County reluctantly OKs revisions to excise tax

June 19, 2008|By BOB MAGINNIS

Watching the Washington County Commissioners discuss the latest revision of the county's excise tax was like watching five men try to capture a poisonous snake - they knew the job had to be done, but nobody wanted to get bitten.

In this case, getting "bitten" would mean being labeled as a public official who raises taxes - and as someone hostile to prospective new homeowners as well.

The latter is the argument that's been used for decades whenever county government has proposed a fee on new construction to pay for the services - schools and roads, for examples - that development requires.

The old chestnut was trotted out again Tuesday by Jeremy Holder, project manager for Westfields housing development on Sharpsburg Pike.

Holder said that a provision in the ordinance that provides for doubling the tax when a developer builds more than 25 units in a subdivision in one fiscal year.


Holder said that because of the down housing market, the commissioners could "rest assured" that the tax would be passed on to home buyers.

Question: If the market is down, isn't the developer less likely to build more homes?

If I were a developer, my real objection would be that the tax must be paid before a building permit is issued - long before there's any possibility of passing it along to the new home buyer.

Changing the excise tax is necessary because in fiscal 2007, collection were more than $11 million below estimates.

The housing slowdown is partly to blame, but also tabbed as culprits in the shortfall were the excise tax exemptions that went to "work force housing" and elderly housing.

The latter was a problem because it required someone to make sure that no one not classified as "elderly" moved into the property.

The Hagerstown Housing Authority might be able to keep track of such tenants, but would private developers? What incentives would they have to do so?

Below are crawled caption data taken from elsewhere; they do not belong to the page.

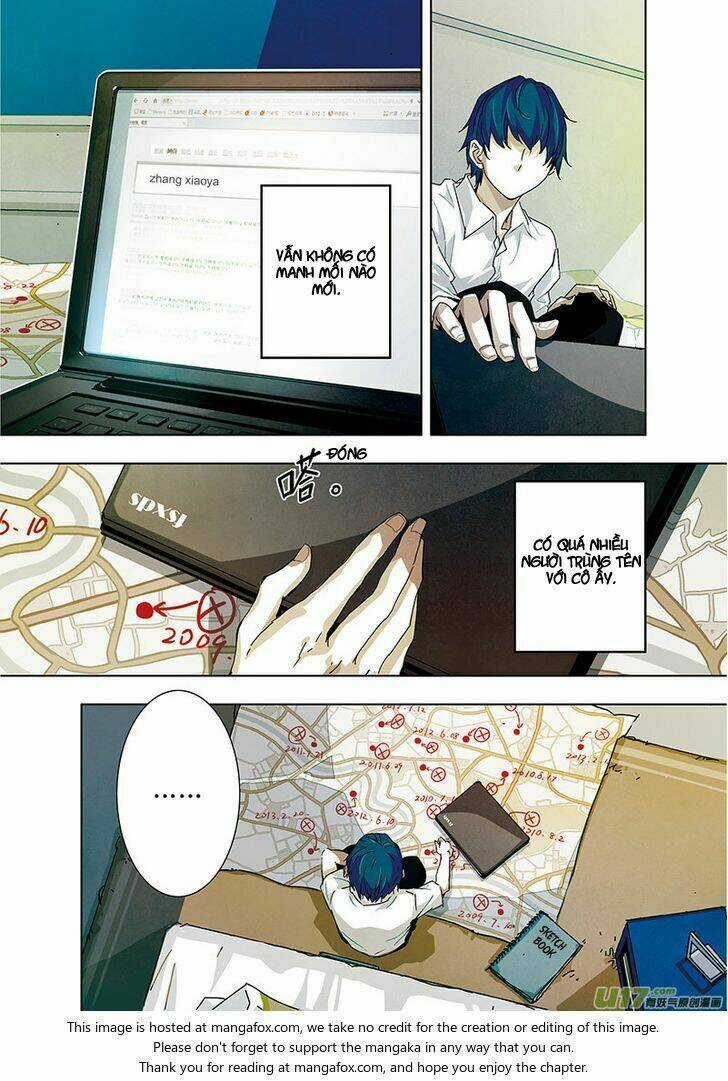 LOOKING FOR CLOTHO Chapter 1 trang 21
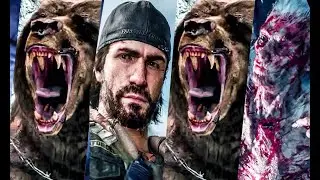 Days Gone - All Boss Fights (Hard / No-Damage)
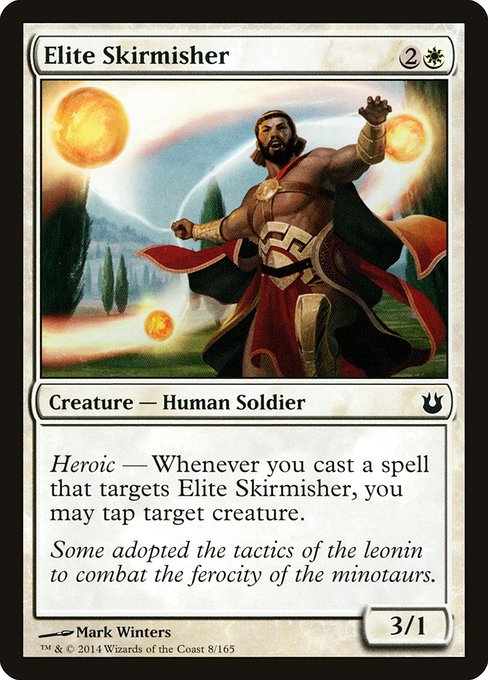 Elite Skirmisher - Born of the Gods #8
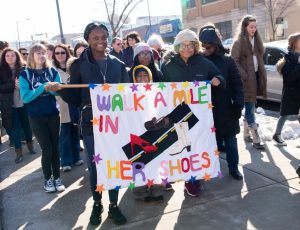 St Margaret's house walk rally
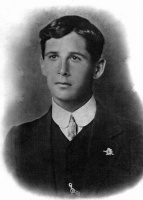 William Malcolm Burke, killed in action in the Great War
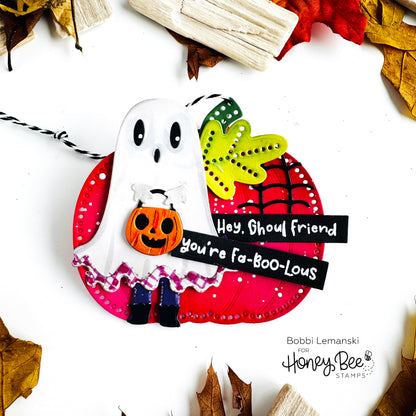 Lovely Layers: Trick Or Treat - Honey Cuts Stand-Alone Dies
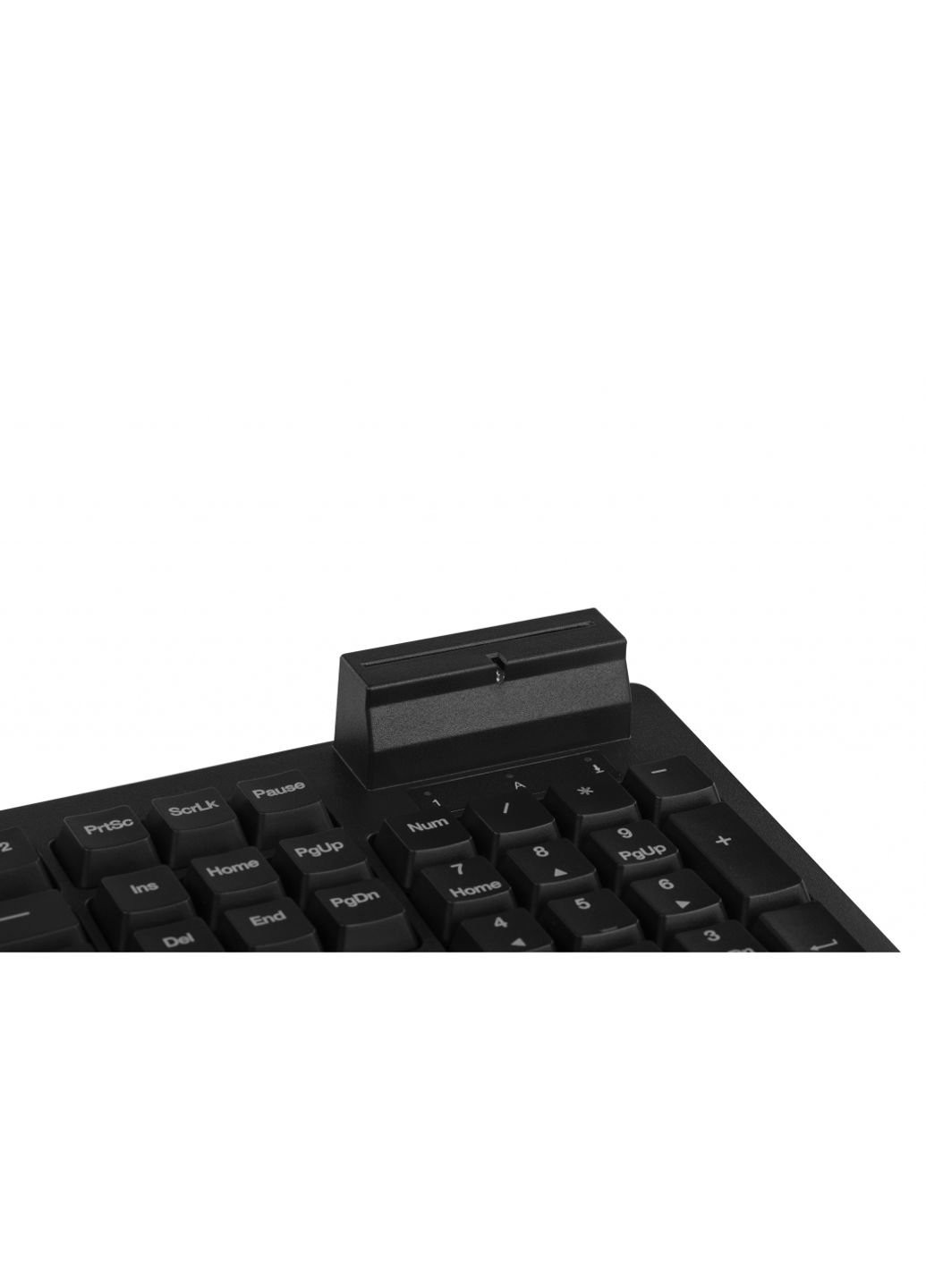 Клавиатура (-KC1030UB) 2E kс1030 smart card usb black (253468506)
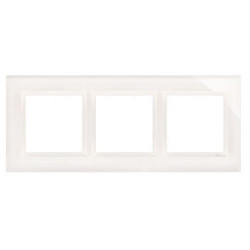 Simon54 Nature Ramka szklana biała perła DRN3/70 SIMON54 NATURE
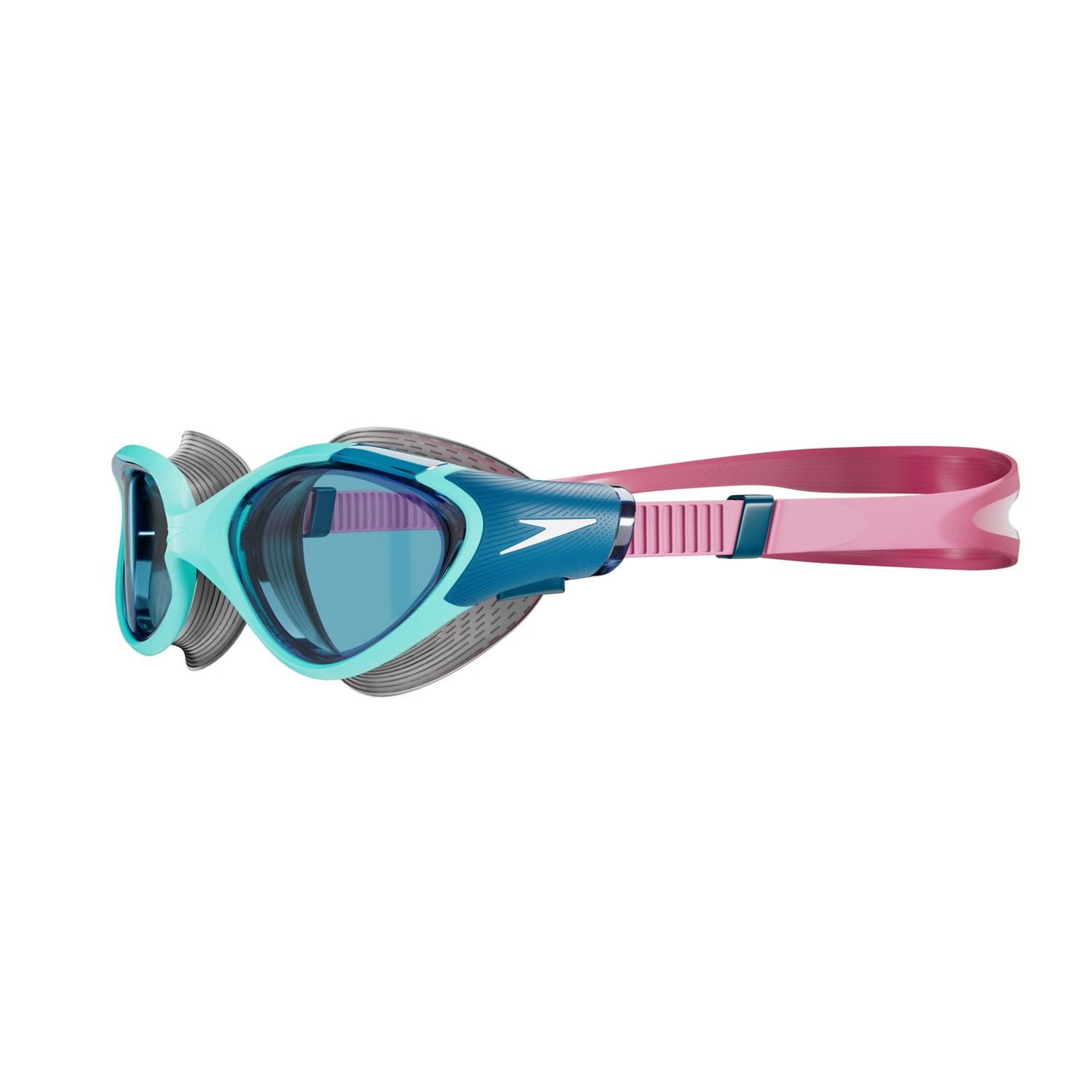 Speedo Biofuse 2.0 Women's Swim Goggles Front_Three_Fourths_Angled_Left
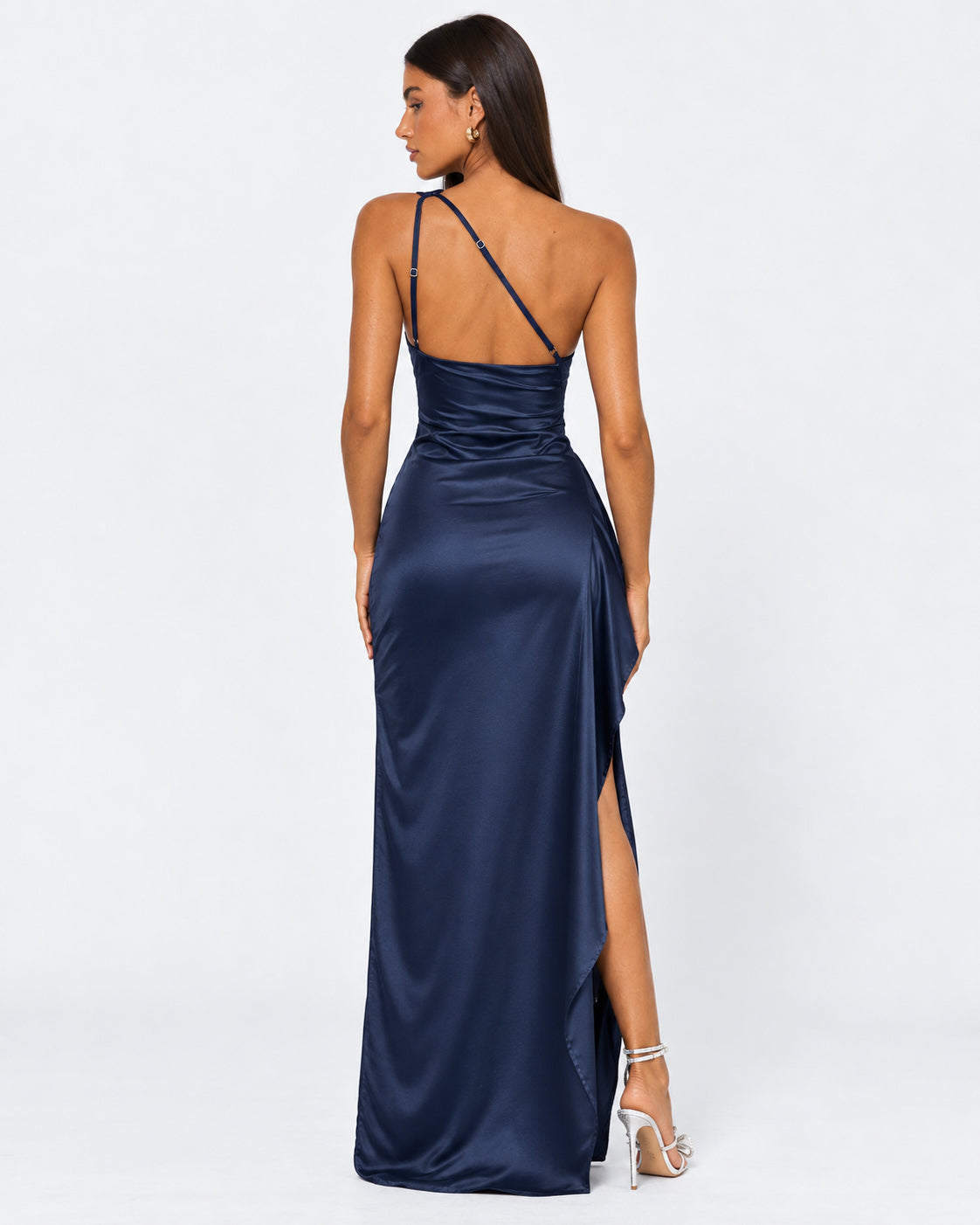 Robe longue en satin Main Event – photo 22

If Grandma's granddaughter falls out with her live-in boyfriend, who's going to tell Granny that she can't move her grandbabies into what was designated as senior-only housing?

No one, that's who, especially if Granny is paying her rent (or house payment) on time. The new ordinance spares the county government the need to take on such enforcement.

The history of the excise tax is interesting, as I found when I dug through The Herald-Mail archives on the subject.

In 2001, the county commissioners were seeking a 1 percent tax on real-estate transfers. The real-estate people said it made no sense to add an estimated $1,000 to closing costs at the same time that the state was trying to reduce them.

Enter Del. Christopher Shank, who looked at impact fees, then rejected them as too complicated in favor of an excise tax. Shank proposed a $1,500-per-home tax.

Given that there were 600 local housing starts per year, Shank said such a fee could yield $1 million a year.

Two years later, the commissioners accepted Shank's proposal to levy an excise tax before implementing a transfer tax.

Since then, the problem has been with the formula used. On Tuesday, the commissioners rejected the flat-fee approach in favor of a fee based on the project's square footage.

What citizens, including those employed in the building trades, need to realize is that unless such taxes are used, every taxpayer will pay a share of what new development costs. Those folks who tell you different are probably trying to shift their share to someone else.

In my Wednesday column, I noted that the cost of Hagerstown's take-home vehicles had gone from $58,348.63 in 2006 to $79,991.16 in 2007.

Karen Giffin, the city's Community Relations director, said that both figures include the cost of maintaining the vehicles during their regular daytime duties. I stand corrected.

Bob Maginnis is editorial page editor of The Herald-Mail.